The Bitter Truth About Teabag Squeezing
According to research highlighted by Saga Magazine, a significant 68% of Britons use the teabag-in-mug method for their daily cuppa. This popular approach, however, often leads to a critical error: giving the teabag a firm squeeze once it has steeped.
Angela Pryce, the senior tea buyer at renowned retailer Whittard, has issued a clear warning against this practice. She explains that squeezing the teabag forces out tannic acids, which are natural compounds found in tea leaves. This release is what imparts a harsh, bitter taste to your drink.
What Are Tannins and Why Do They Matter?
Tannins are astringent substances present in tea, coffee, wine, and chocolate. They contribute to the dry, puckering sensation associated with these foods and drinks. While all teas contain tannins, their concentration is heavily influenced by how long you brew your tea and your preparation method.
Instead of squeezing, Angela Pryce advises gently lifting the teabag out after three to five minutes of infusion. This allows the flavours to diffuse naturally without the aggressive extraction of bitter compounds.

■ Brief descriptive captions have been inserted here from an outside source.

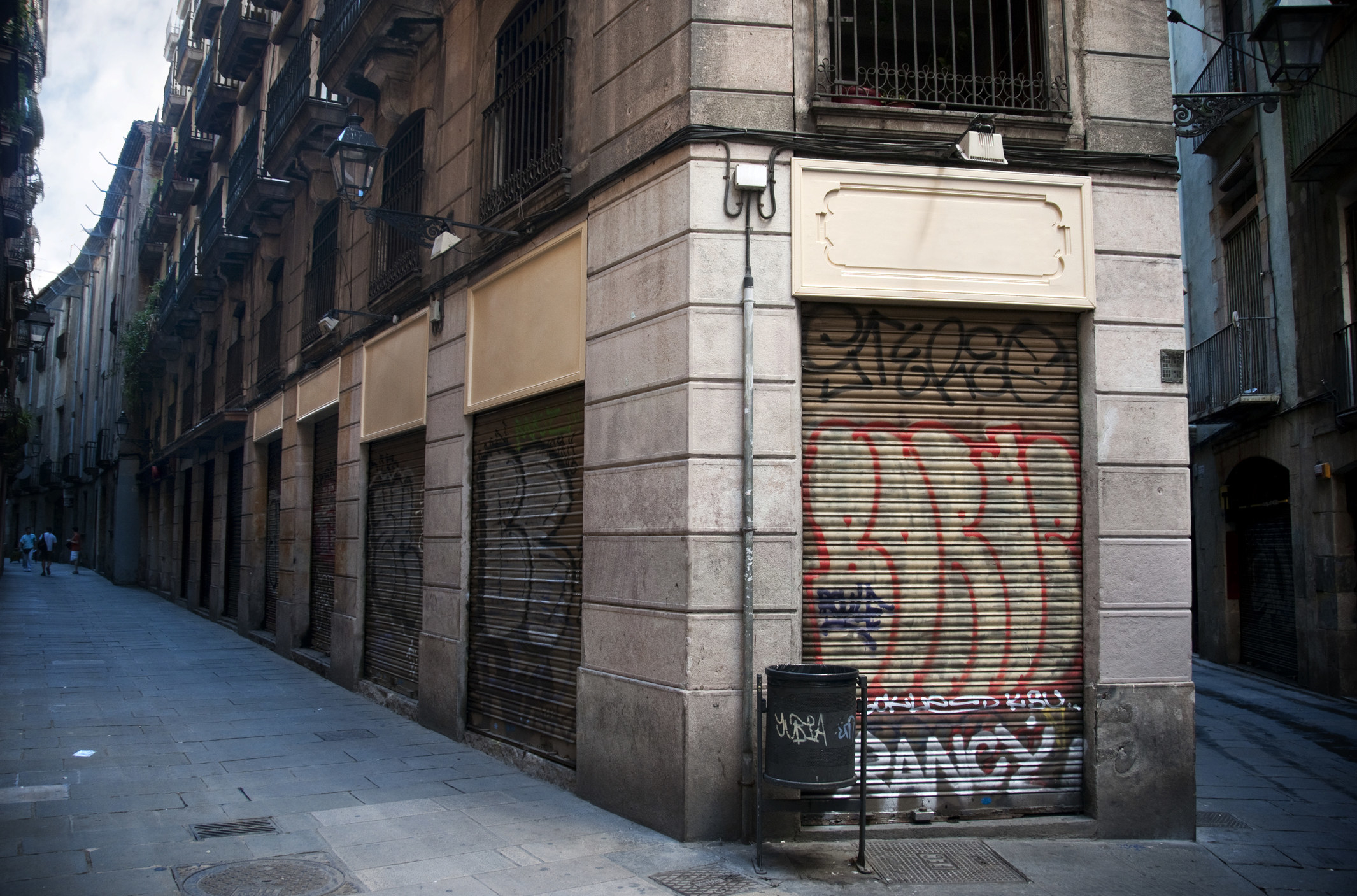 Closed storefronts in Barcelona.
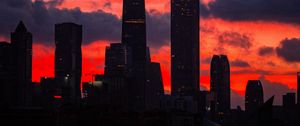 Preview wallpaper city, buildings, skyscrapers, dusk, sunset, dark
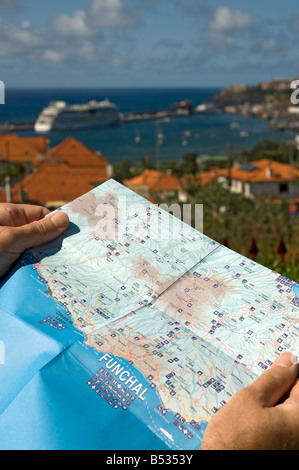 Gros plan de l'homme tenant une carte avec le port de Funchal en arrière-plan Madère Portugal Europe de l'UE Banque D'Images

Does Squeezing Really Make a Difference?
Insights from BBC Science Focus offer a nuanced view on the debate. The publication notes that while squeezing a teabag can accelerate the release of tannins, these compounds are not magically trapped inside the bag. Longer brewing times inherently lead to a stronger, more tannic cup regardless of squeezing.
The key takeaway is that squeezing simply speeds up the steeping process. As the publication points out, some teabags are even designed with drawstrings to make squeezing easier, suggesting the practice is not universally condemned by manufacturers.
Other Factors That Can Spoil Your Brew
The quest for the perfect cup doesn't end with avoiding the squeeze. The quality of your water plays a crucial role. Soft or filtered water is recommended over hard water, as it allows the tea to steep properly and unlock richer, clearer flavours.
For those using the teabag-in-mug method, the order in which you add milk is also vital. Chemistry professor Michelle Francl, speaking to the Tea Advisory Panel via Saga, advises adding milk after the water. Pouring cold milk into the mug first significantly reduces the water temperature, which can hinder proper brewing and even cause the milk to curdle.